Vacuum Beam Studies of Ruthenium Etching
Ru is known to have two volatile oxidation products, RuO3 and RuO4, although the etch rate is negligible when Ru is exposed to an O2 plasma discharge. The introduction of a small amount of additive gas, such as Cl2, has been shown to increase the Ru etch rate sixfold. The reason for this dramatic shift in etching is poorly understood, primarily because it is difficult if not impossible to study plasma-surface interactions in a plasma environment. The unique capabilities of the beam system have made it possible to explore the mechanism of Ru etching. It has been shown that under 500 eV Ar+ ion bombardment, the addition of O radicals lowered the etch rate by a factor of 2.5. This process was relatively insensitive to temperature over the range studied (room temperature to ~175°C). It was also shown that O radicals alone spontaneously etched Ru at a very slow rate over the entire temperature range.

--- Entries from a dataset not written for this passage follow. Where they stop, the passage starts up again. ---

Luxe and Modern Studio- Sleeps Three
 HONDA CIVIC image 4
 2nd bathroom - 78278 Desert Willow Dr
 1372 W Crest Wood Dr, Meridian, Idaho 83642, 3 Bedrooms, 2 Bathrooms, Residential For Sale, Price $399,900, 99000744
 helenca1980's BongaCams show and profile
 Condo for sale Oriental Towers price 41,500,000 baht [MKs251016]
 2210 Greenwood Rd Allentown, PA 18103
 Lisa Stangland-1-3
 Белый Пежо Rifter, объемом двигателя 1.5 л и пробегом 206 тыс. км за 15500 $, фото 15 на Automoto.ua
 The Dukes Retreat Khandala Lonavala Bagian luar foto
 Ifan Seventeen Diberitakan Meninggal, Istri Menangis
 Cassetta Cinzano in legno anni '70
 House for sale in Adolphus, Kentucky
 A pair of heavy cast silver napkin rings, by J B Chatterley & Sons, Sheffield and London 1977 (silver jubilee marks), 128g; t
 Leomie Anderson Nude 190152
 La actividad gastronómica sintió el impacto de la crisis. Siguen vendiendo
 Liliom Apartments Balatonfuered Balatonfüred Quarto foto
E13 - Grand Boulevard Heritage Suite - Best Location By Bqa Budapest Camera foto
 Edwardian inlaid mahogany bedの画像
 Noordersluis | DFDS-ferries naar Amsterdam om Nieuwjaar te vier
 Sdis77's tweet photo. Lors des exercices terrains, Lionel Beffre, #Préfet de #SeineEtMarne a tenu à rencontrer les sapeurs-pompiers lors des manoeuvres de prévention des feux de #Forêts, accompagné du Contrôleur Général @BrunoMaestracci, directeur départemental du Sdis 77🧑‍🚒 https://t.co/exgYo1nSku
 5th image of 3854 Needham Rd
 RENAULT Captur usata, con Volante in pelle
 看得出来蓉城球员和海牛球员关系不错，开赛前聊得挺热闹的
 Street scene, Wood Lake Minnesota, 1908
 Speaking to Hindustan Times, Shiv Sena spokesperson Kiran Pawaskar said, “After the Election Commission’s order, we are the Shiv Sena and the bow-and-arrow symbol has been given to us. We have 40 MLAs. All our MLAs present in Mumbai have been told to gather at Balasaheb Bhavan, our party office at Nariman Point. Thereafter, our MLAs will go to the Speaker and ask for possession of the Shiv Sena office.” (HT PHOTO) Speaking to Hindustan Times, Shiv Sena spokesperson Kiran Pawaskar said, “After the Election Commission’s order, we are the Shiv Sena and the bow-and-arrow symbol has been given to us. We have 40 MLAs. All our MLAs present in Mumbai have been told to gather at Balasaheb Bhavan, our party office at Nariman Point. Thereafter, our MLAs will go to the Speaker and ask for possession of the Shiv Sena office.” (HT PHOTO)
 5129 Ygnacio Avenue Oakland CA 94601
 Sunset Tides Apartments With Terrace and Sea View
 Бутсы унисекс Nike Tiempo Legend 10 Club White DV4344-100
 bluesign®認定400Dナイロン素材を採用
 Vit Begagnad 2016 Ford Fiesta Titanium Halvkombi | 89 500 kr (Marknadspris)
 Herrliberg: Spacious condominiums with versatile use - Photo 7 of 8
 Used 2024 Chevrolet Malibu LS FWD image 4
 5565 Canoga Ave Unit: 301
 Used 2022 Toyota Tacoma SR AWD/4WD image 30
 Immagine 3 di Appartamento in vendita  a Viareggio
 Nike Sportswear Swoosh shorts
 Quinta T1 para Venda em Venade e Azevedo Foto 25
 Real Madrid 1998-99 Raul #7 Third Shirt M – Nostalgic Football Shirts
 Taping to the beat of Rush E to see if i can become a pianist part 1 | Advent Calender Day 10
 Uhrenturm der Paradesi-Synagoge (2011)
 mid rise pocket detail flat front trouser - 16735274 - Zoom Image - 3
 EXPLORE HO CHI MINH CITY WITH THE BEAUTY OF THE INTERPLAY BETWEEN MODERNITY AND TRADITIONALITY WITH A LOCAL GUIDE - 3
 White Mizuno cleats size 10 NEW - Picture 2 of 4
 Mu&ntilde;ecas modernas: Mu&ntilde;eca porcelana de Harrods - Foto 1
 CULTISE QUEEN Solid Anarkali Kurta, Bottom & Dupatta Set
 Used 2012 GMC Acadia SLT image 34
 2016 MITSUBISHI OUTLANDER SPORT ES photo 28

Statistical Analysis of Polysilicon Etching and Gate Profile Evolution in Dual-Doped Polysilicon Gates
Polysilicon gate etching for the 90nm lithography node and below requires extremely precise control of the gate CD and profile. Generally speaking, the current requirement for Gate CD control is that the 3 sigma should less than ~5 nm for all gates, including across the chip, across the wafer, wafer-to-wafer, lot-to-lot, and tool-to-tool variations. Similarly, for gate sidewall angle control, the 3 sigma angle variation should be less than ~1 degree, inclusive of all sources of variation. This is particularly challenging for technologies which employ dual-doped gates, since the chemistry and physics of the etching process induces a different profile evolution between gates with different doping.
The goal of this project was to identify a parameter space where the differences in gate profile evolution across different polysilicon dopant types were minimized. Blanket etch rates and patterned wafers were used to determine the effect of different gate etch process variables on the gate profile. The materials studied were undoped polysilicon and polysilicon that had been doped with P, As, Sb, and B. Prediction models were created for the blanket etch rate studies that were used to optimize the processing conditions and to propose some simple mechanisms that identify which species are adsorbed on the surface.